SCENARIO 4: Production Simulation
When to use this scenario:
Deploy production simulation as your final validation before launch; it replicates real-world traffic chaos with variable request sizes and Poisson (bursty) arrivals instead of uniform load. Use this after optimizing based on baseline and saturation tests to answer "will users have a good experience under realistic conditions?" Real production traffic doesn't consist of identical 512-token requests arriving like clockwork; users send varying lengths at random intervals, and this test validates your system handles that heterogeneity while maintaining acceptable percentile latencies for SLA setting.
Deployment
Using Helm Chart (Recommended)
# Add the AI on EKS Helm repository
helm repo add ai-on-eks https://awslabs.github.io/ai-on-eks-charts/
helm repo update
# Install production scenario
helm install production-sim ai-on-eks/benchmark-charts \
--set benchmark.scenario=production \
--set benchmark.target.baseUrl=http://qwen3-vllm.default:8000 \
--set benchmark.target.modelName=qwen3-8b \
--set benchmark.target.tokenizerPath=Qwen/Qwen3-8B \
--namespace benchmarking --create-namespace
# Monitor progress - expect variable latency due to bursty traffic
kubectl logs -n benchmarking -l benchmark.scenario=production -f
Customizing Traffic Patterns
Adjust burst rate and variability:
# custom-production.yaml
benchmark:
scenario: production
target:
baseUrl: http://your-model.your-namespace:8000
scenarios:
production:
data:
input:
mean: 2048 # Longer average prompts
stdDev: 1024 # Higher variability
min: 256
max: 8192
load:
type: poisson # Keeps bursty arrivals
stages:
- rate: 20 # Higher target QPS
duration: 900 # Longer test (15 min)
helm install production-sim ai-on-eks/benchmark-charts -f custom-production.yaml -n benchmarking
Key Configuration:
- Variable synthetic data (Gaussian distributions for input/output)

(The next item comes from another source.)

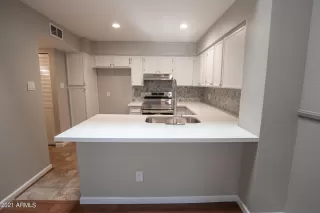 Photo #3: 6279268 Listing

- Wide token distributions (mean 1024/512 with high variance)
- Poisson (bursty) arrivals instead of uniform load
- Streaming enabled
- 8 concurrent workers
Understanding the results:
Focus exclusively on P99 and P95 latency; these percentiles represent the worst experience that 99% and 95% of users encounter, unlike averages that hide poor tail performance. The wide input/output distributions create natural variability, so expect higher variance than baseline tests; this is normal and reflects production reality. Poisson bursts cause temporary queue buildup even at sustainable average rates, so if P99 is significantly worse than uniform-load testing suggested, you need more headroom than expected. Set SLAs based on these realistic percentiles, not averages; if P99 TTFT is 1200ms, don't promise sub-second latency even though mean might be 400ms.
Alternative: Raw Kubernetes YAML
---
apiVersion: v1
kind: ConfigMap
metadata:
name: inference-perf-production
namespace: benchmarking
data:
config.yml: |
api:
type: completion
streaming: true
data:
type: synthetic
input_distribution:
mean: 1024
std_dev: 512
min: 128
max: 4096
output_distribution:
mean: 512
std_dev: 256
min: 50
max: 2048
load:
type: poisson # Realistic bursty arrivals
stages:
- rate: 15
duration: 600
num_workers: 8
server:
type: vllm
model_name: qwen3-8b
base_url: http://qwen3-vllm.default:8000
ignore_eos: true
tokenizer:
pretrained_model_name_or_path: Qwen/Qwen3-8B
storage:
simple_storage_service:
bucket_name: "inference-perf-results"
path: "production-sim/results"
---
apiVersion: batch/v1
kind: Job
metadata:
name: inference-perf-production
namespace: benchmarking
spec:
backoffLimit: 2
ttlSecondsAfterFinished: 3600
template:
spec:
restartPolicy: Never
serviceAccountName: inference-perf-sa
affinity:
podAffinity:
requiredDuringSchedulingIgnoredDuringExecution:
- labelSelector:
matchLabels:
app.kubernetes.io/component: qwen3-vllm
topologyKey: topology.kubernetes.io/zone
containers:
- name: inference-perf
image: quay.io/inference-perf/inference-perf:v0.2.0
command: ["/bin/sh", "-c"]
args:
- |
inference-perf --config_file /workspace/config.yml
volumeMounts:
- name: config
mountPath: /workspace/config.yml
subPath: config.yml
resources:
requests:
cpu: "2"
memory: "4Gi"
limits:
cpu: "4"
memory: "8Gi"
volumes:
- name: config
configMap:
name: inference-perf-production